Real estate sales that are not made entirely for cash involve the use of at least one mortgage or deed of trust. However, a large number of transactions involve more than one loan, and in those cases where a single property is used to secure multiple loans, an important question arises: Who gets paid first? An order of repayment among private lenders is established in the loan papers created between property owners and lenders. Claims will be settled fully in order; that is, the claims of the first mortgage or trust holder will be repaid completely before any claims by a second loan holder. In turn, the claims of the second mortgage or trust holder must be fully satisfied before the debt of a third lender can be addressed, and so on.

The catch for junior trust holders is that there may not be any cash remaining once prior claims have been satisfied. Second trusts and mortgages represent more risk than first loans and therefore command higher interest rates. The following example illustrates why secondary financing has inherently more risk than primary loans.

A home is bought for $100,000 and Smith, the buyer, knows that he can get an $80,000 loan by putting down $20,000 in cash. Smith has $8,000 and borrows $12,000 from Uncle Bob. It is agreed that the $12,000 will be in the form of a second trust secured by the property. Smith, with Uncle Bob's money in hand, approaches a regulated lender and receives an $80,000 first mortgage. After two years, Smith defaults, and the property is auctioned at foreclosure for $80,000. The first mortgage holder takes the $80,000, leaving nothing for Uncle Bob or Smith, the buyer.

Note that the first trust holder has no economic incentive to sell the property for more than $80,000 plus foreclosure costs. Thus, while a lender with a second trust can seek to foreclose on a property if his loan is in default, consideration must be given to the idea that a second mortgage holder may do little more than satisfy the claims of a prior lender by triggering a foreclosure. In effect, the threat of foreclosure by a second trust holder and the protection offered by foreclosure, is greatly reduced by the prior claim of another lender.

If second trusts represent enhanced risk, why are so many sellers, lenders and investors willing to hold such paper? One answer might be that the element of risk is offset by the higher rate of return. Another response is that some transactions are not feasible without the use of junior financing. A third idea is that junior mortgages are often excellent investment vehicles.

It is possible that a junior loan can resemble a first trust in all particulars but this is not likely.

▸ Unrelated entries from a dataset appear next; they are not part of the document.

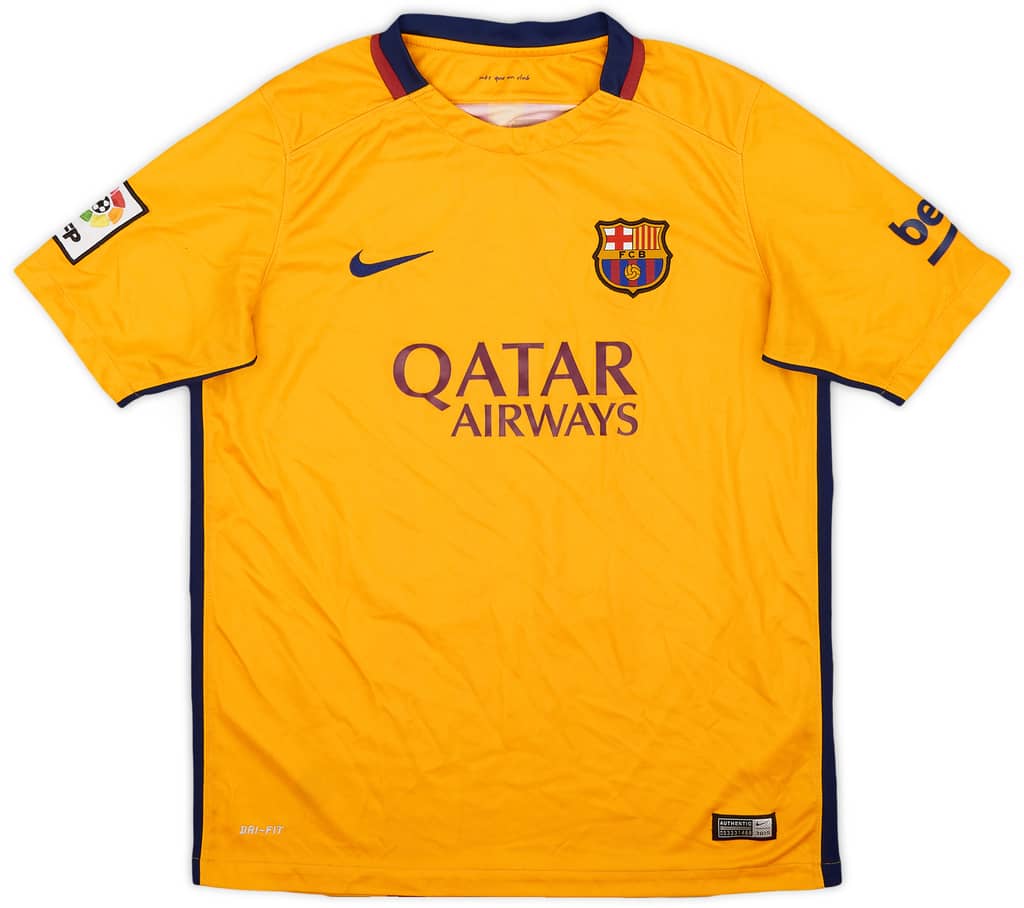 2015-16 Barcelona Away Shirt - 8/10 - (XL.Boys)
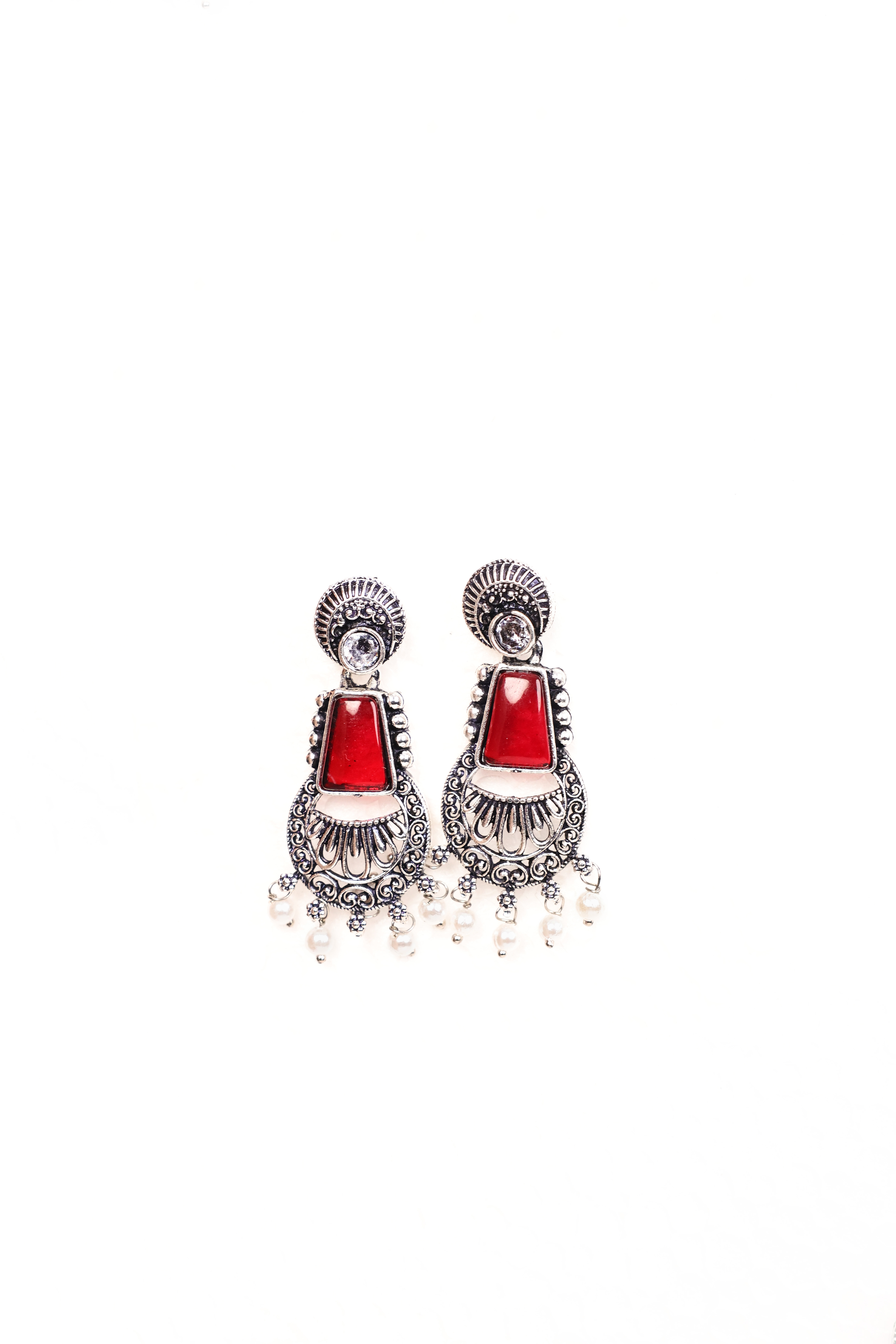 multicolour pearl jhumka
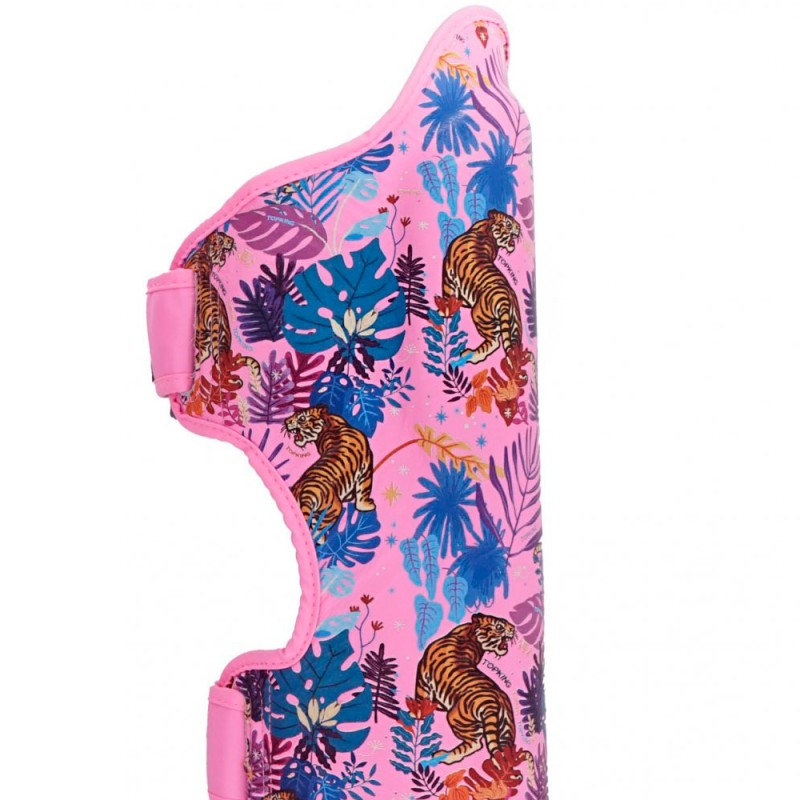 Top King "Wild Tiger" Защита Голени Тайский Бокс Pink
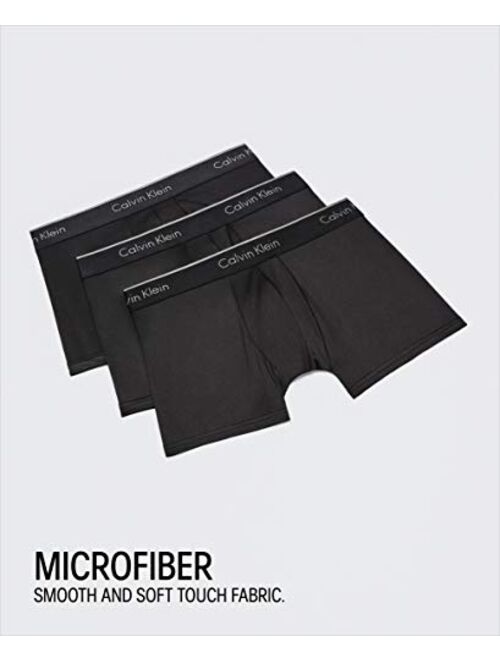 Calvin Klein Men's Microfiber Stretch Multipack Thongs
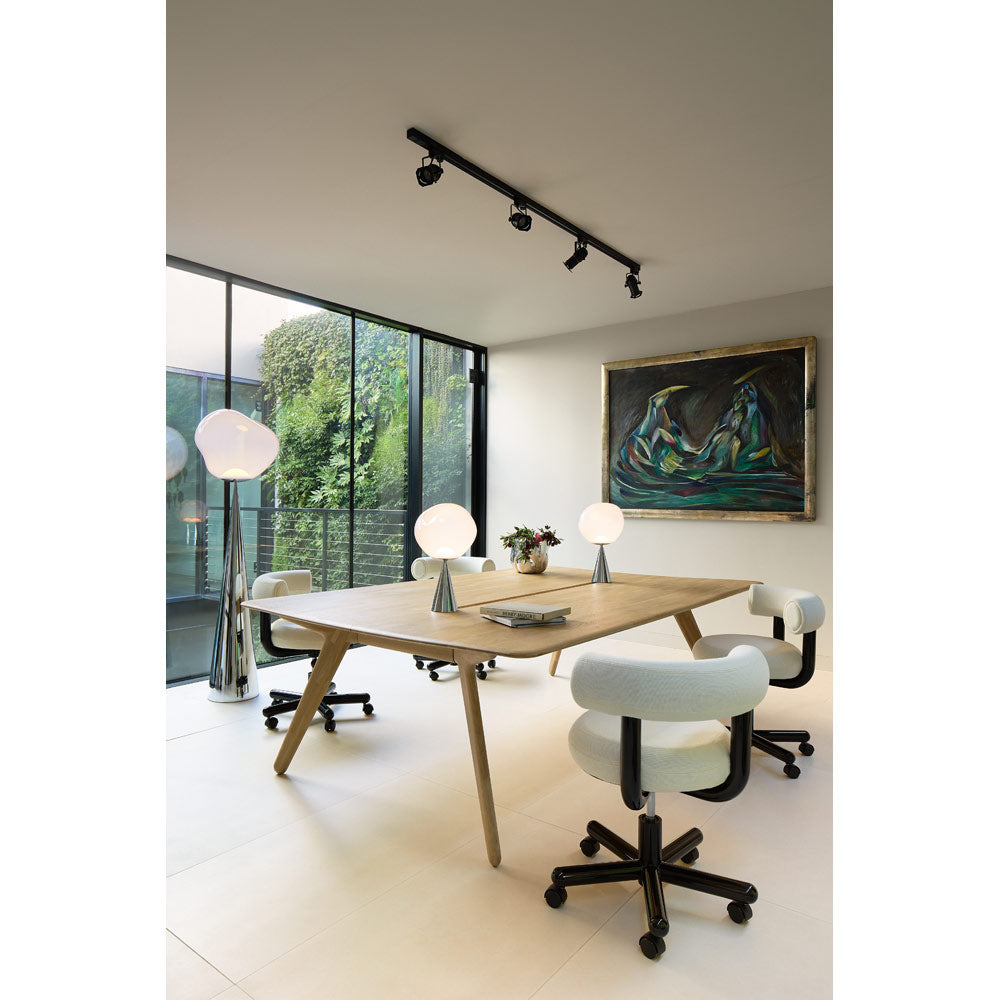 Melt Cone Fat Table Lamp - Opal, Black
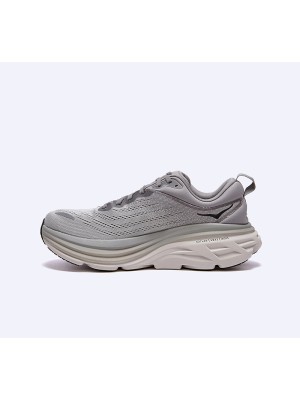 Hoka One One Bondi 8 2E 와이드 쿠셔닝 러닝화｜1127953-SHMS｜통기성 편안한 운동화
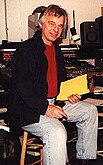 Tony Visconti en studio en 2000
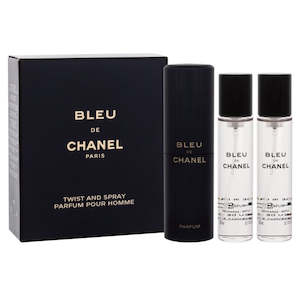 Chanel Perfumes: Chanel Bleu De Chanel Parfum 3 x 20ml Travel Spray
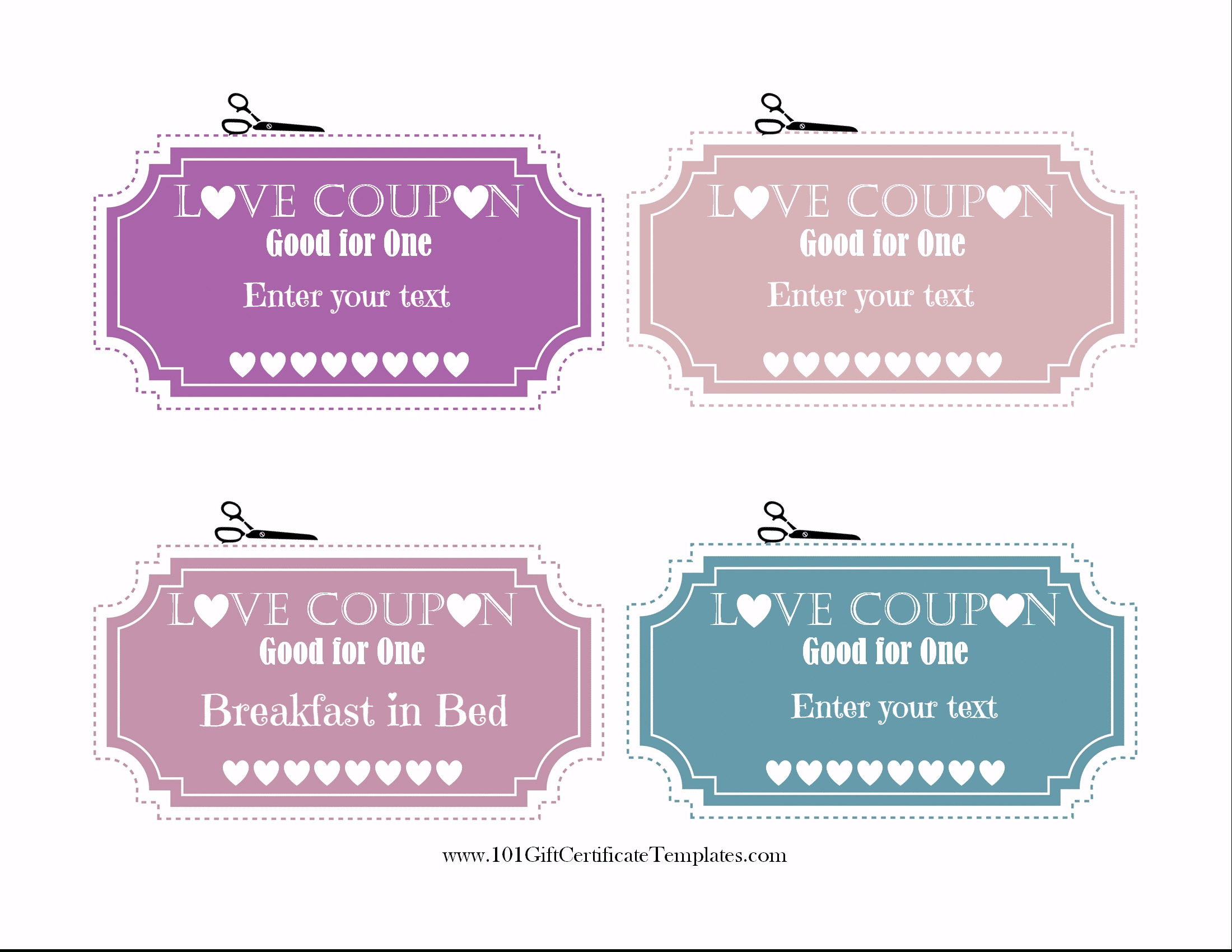 Love Coupons Templates Free - Calep.midnightpig.co Pertaining To Love Coupon Template For Word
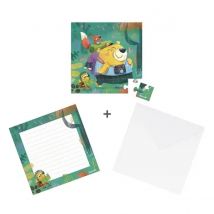 Puzzle 25 Pièces - Carte Cadeau Randonnee - Jura Toys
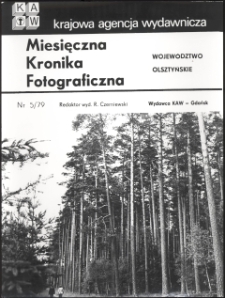 [Strona tytułowa "Miesięcznej Kroniki Fotograficznej : województwo olsztyńskie" nr 5/79]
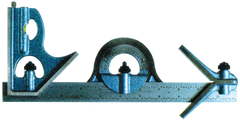 #52-370-012 - 12''-- 4R Graduation - Regular Blade - 4 Piece Combination Square Set - Benchmark Tooling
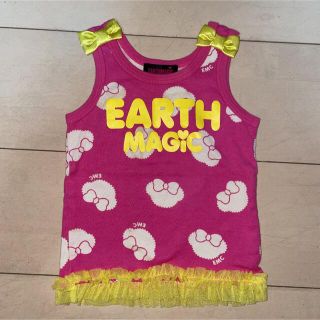 アースマジック(EARTHMAGIC)のアースマジック　マフィー　トップス　ピンク(Tシャツ/カットソー)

In a typical situation, several distinctions are common.

* Loan Term. While a conventional loan may have a term of 30 years, second trusts are generally for a shorter term, say 2 to 10 years, with most loans being for fewer than 5 years.

* Amortization and Monthly Payments. Because secondary loans have a short term, they can be self-amortizing only if they have large payments. For example, a 30-year, $75,000 loan at 12 percent interest requires monthly payments of principal and interest of $771.46. A 10-year self-amortizing loan for this amount would require monthly payments of $1,076.32, and a five-year note would call for payments of $1,668.33 per month.

Instead of a self-amortizing loan, secondary financing is likely to feature relatively small monthly payments. Such payments have two effects: They make the laon affordable to a borrower, and they create a balloon note, a huge final payment at the end of the loan term. Indeed, if the interest rate is sufficiently high and the monthly payments are sufficiently low, "negative amortization" may occur, that is, the balloon payment will be larger than the original debt.

* Coverage. With a conventional loan, the purchaser typically makes a 20 percent down payment in cash, while a lender puts up the rest of the sales value in the form of a mortgage. With a second trust, coverage may vary. Two examples follow.

In the first example, a buyer puts down 20 percent of the purchase price in cash. The value of the first and second trusts together equals 80 percent of the purchase value of the property. A conventional lender is likely to be satisfied with this arrangement so long as the buyer is financially qualified, particularly because the lender's exposure in this situation is less than the 80 percent level that would occur with a conventional loan.

In the second example, a buyer wants to put down 5 percent of the purchase price in cash. The remainder of the price would be represented by an 80 percent loan from one lender and a 15 percent second trust from another lender. Both lenders will want to check the finances of the buyer with care, but such deals are possible for qualified buyers.